* DATA BLOCK:
· · · ·

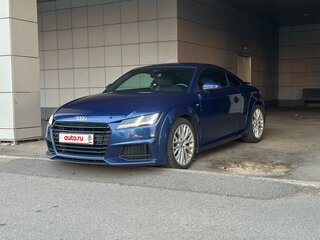 2014 Audi TT III (8S), синий, 2950000 рублей, вид 1
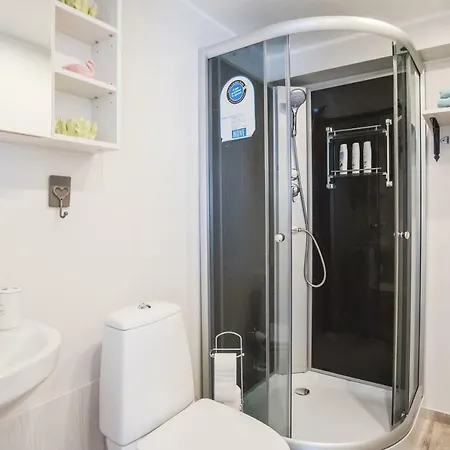 Lapmanni Apartamento Haapsalu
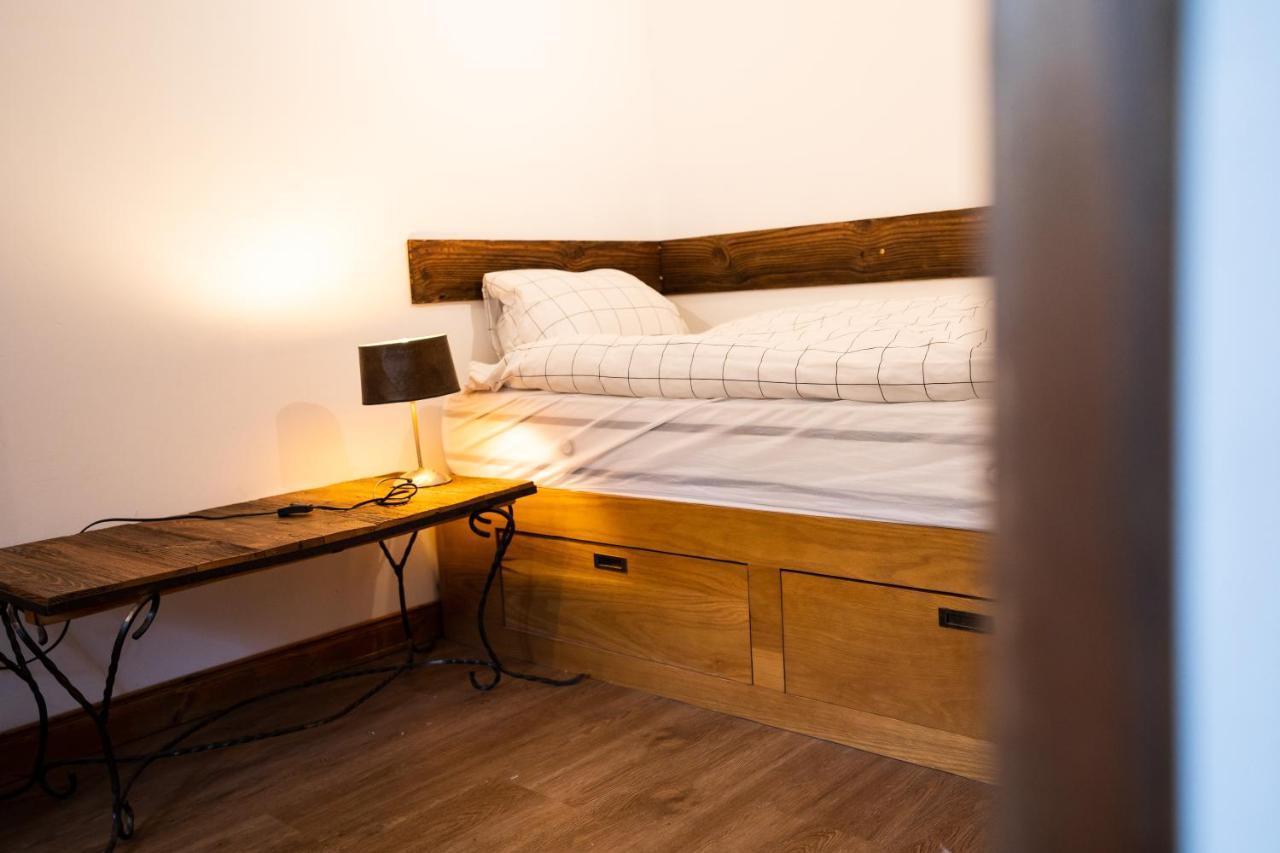 Bagnes La Baraka Hostel المظهر الخارجي الصورة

· · · ·

* YOUR ASSIGNMENT:
Every line between the one containing "Lapmanni Apartamento Haapsalu" and the end of the listing, both included, needs to be retyped exactly, minus the pictures.

* ANSWER BOX:
 Lapmanni Apartamento Haapsalu
 Bagnes La Baraka Hostel المظهر الخارجي الصورة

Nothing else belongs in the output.